Figure 5 summarizes the estimated models of the ordinal variables (compr, klima, facil) in the parameter space and emphasizes how the introduction of an overdispersion parameter induces a regular decrease of the uncertainty. It is evident that satisfaction is always higher for the 2010 wave whereas the overdispersion is substantially unchanged between the waves. Thus, the respondents do not change their relative habits except for improving their feeling.

Fig. 5
figure 5

Visualization of cub and cube models for compr, klima, facil in both waves

Then, we check the significance of explanatory covariates for each parameter in case of the response to Global comprehension of questions collected in 2010. We found a significant impact of Education for uncertainty, Gender for feeling and perceived Health status for overdispersion. The estimated cub and cube models are reported in Table 3 and fitting measures clearly favour the model with overdispersion. Noticeably, the relationship between covariates and uncertainty and feeling, respectively, is maintained in both models. Then, by considering the sign of the parameters \(\hat{\beta }\), \(\hat{\gamma }\) and \(\hat{\alpha }\), we observe that the Global comprehension of questions is higher for men, the level of uncertainty increases for lower level of Education and overdispersion increases with a lower perception of own Health status.

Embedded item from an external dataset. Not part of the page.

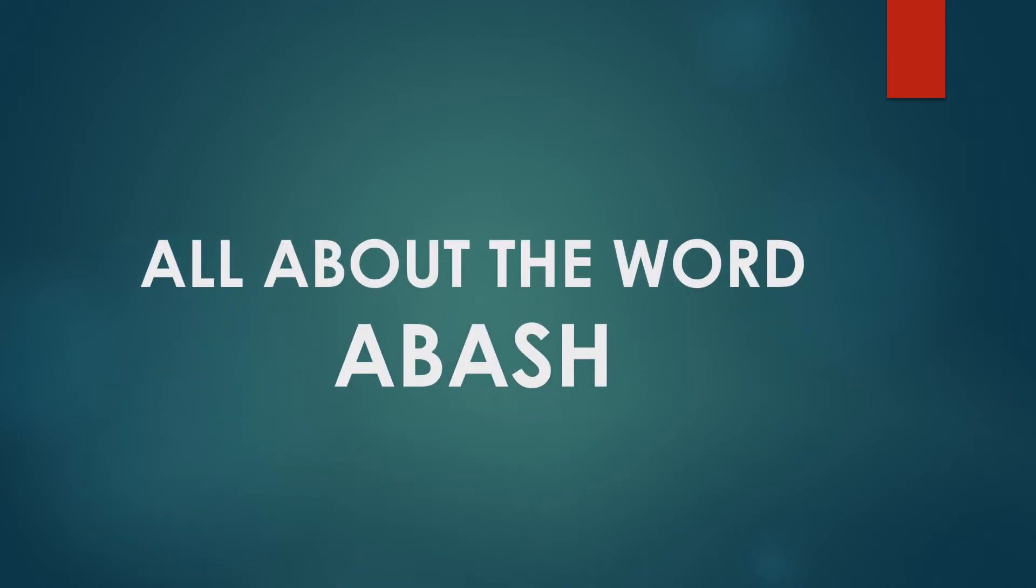Hello everyone! Today we are going to do all about the word abash. Hi, I am Japneed and we are going to do all about the word abash.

Table 3 Global comprehension of questions: estimated models with covariates (wave 2010)

Since the estimated cube models generate a probability distribution of responses conditional to subjects’ covariates, it is possible to create profiles of expected responses for given levels of covariates. Specifically, we compare the probabilities of responses of a low educated man with a low level of perceived health (A:  Gender \(=\) Man, Education \(=\) compulsory class, Health \(=\) 1) with those of a high educated woman, with a high level of perceived health status (B:  Gender \(=\) Woman, Education \(=\)  post graduate, Health \(=\) 10). Figure 6 shows how the effect of covariates appreciably changes the expected distribution of the responses.

Fig. 6
figure 6

cube models: expected profiles of probability for Global comprehension of questions

5 Concluding remarks

We discussed the class of cube models to explicitly take a possible overdispersion into account in case of ordinal responses; such a component is interpreted as generated by an interpersonal variability of subjects which are requested to make a choice among ordinal categories. This enriched model may be estimated with a limited number of parameters since -with respect to cumulative models- we do not estimate cutpoints. In addition, it turned out that the omission of a component related to the overdispersion of the responses can cause an undue increase of the estimated uncertainty as confirmed by a simulated data analysis and a real case study.

Given the availability of free and effective software for estimating both cub and cube models, a convenient strategy is to fit both of them to the available observations. Since cub models are nested into cube models the comparison of log-likelihood functions computed at their maxima leads to a likelihood ratio test which is able to confirm or reject the need for an overdispersion component.

In this respect, further studies are required to select significant variables for cube models and also to implement faster procedures to estimate these models in presence of several covariates.